Information provided ->
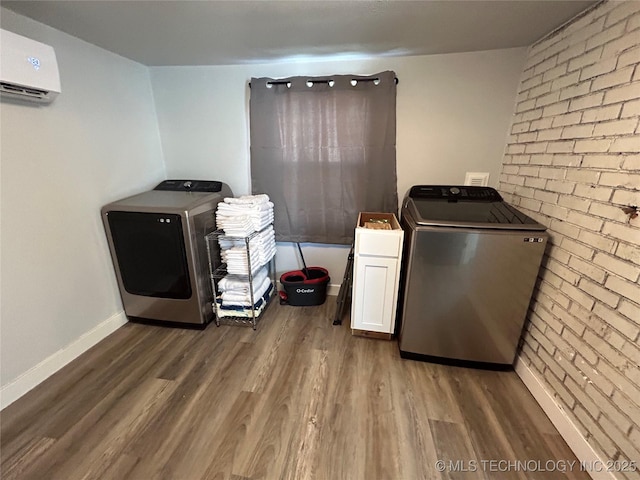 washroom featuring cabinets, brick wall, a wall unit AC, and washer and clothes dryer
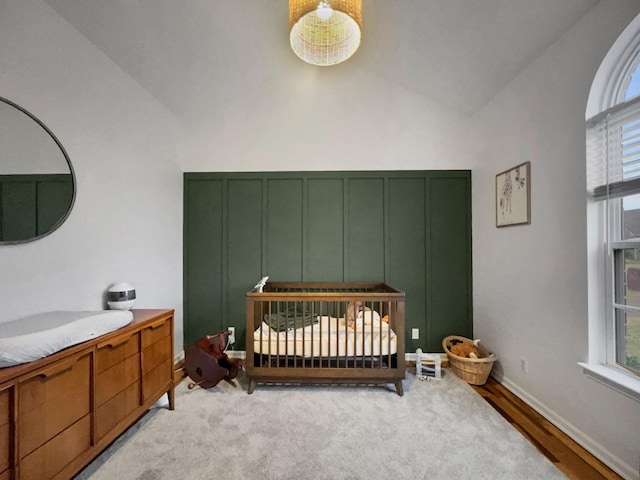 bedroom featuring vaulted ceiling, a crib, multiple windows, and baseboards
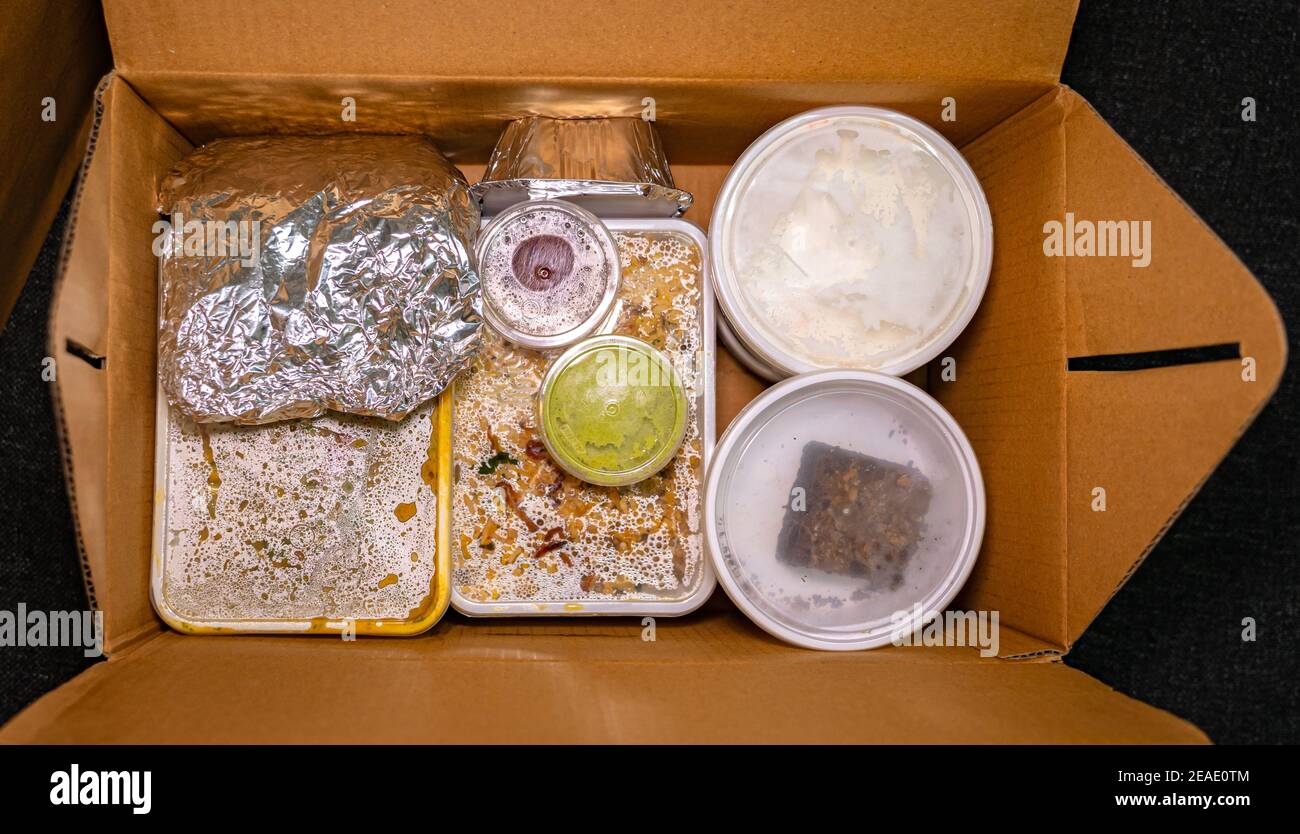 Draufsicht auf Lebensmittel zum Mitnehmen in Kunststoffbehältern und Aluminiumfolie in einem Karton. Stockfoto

How to complete this task -> Omit the pictures. Transcribe word for word the lines from the one containing "bedroom featuring vaulted" through the end of the listing, inclusive.

Response to this exercise ->
 bedroom featuring vaulted ceiling, a crib, multiple windows, and baseboards
 Draufsicht auf Lebensmittel zum Mitnehmen in Kunststoffbehältern und Aluminiumfolie in einem Karton. Stockfoto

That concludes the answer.